[Source data]
◇ ◇ ◇

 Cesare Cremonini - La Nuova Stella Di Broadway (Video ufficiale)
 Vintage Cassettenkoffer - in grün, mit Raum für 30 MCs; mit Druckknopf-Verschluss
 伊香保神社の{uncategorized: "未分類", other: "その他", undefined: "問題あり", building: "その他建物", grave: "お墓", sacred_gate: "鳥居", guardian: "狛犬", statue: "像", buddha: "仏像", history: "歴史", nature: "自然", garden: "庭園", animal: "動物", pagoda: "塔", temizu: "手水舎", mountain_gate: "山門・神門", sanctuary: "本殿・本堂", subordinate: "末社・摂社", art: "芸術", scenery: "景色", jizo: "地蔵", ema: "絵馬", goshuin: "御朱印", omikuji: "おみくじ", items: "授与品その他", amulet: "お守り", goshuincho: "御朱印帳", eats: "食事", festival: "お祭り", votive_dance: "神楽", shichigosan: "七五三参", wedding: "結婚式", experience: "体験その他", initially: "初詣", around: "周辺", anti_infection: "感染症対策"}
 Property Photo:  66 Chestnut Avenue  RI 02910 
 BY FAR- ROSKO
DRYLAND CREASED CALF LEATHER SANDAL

◇ ◇ ◇

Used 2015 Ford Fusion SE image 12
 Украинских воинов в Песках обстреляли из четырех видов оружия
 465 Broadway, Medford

◇ ◇ ◇

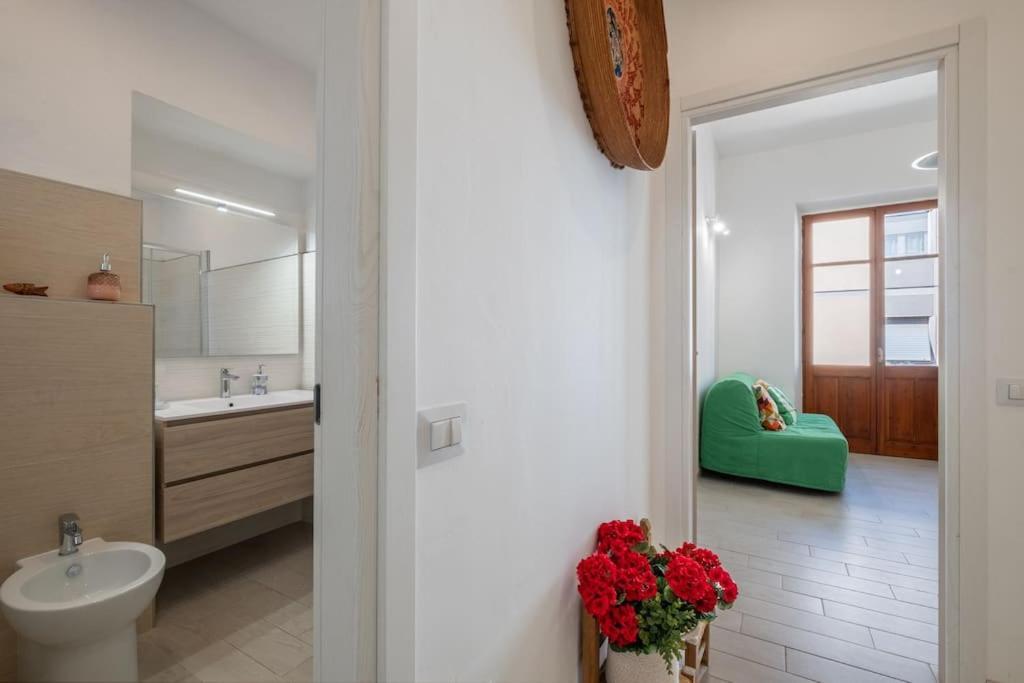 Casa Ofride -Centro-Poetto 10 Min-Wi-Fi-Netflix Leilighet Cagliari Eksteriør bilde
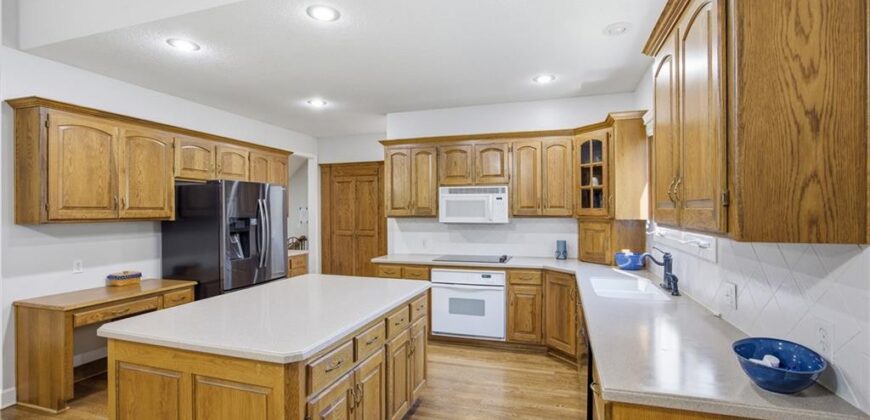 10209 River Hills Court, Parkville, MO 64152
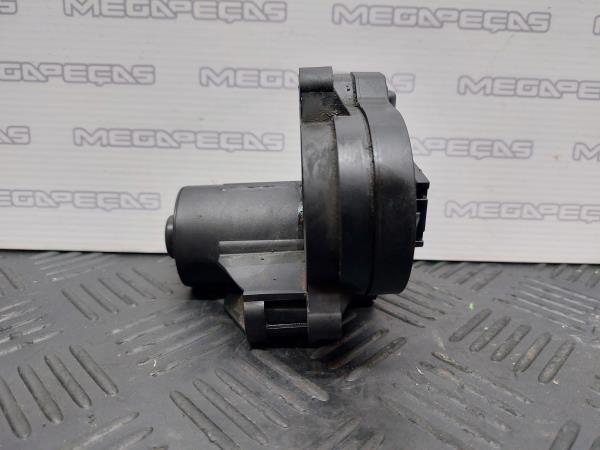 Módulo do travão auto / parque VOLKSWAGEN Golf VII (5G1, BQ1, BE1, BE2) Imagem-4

◇ ◇ ◇

Could you copy every line from the records that mentions the word "Broadway"?

[Problem solution]
 Cesare Cremonini - La Nuova Stella Di Broadway (Video ufficiale)
 465 Broadway, Medford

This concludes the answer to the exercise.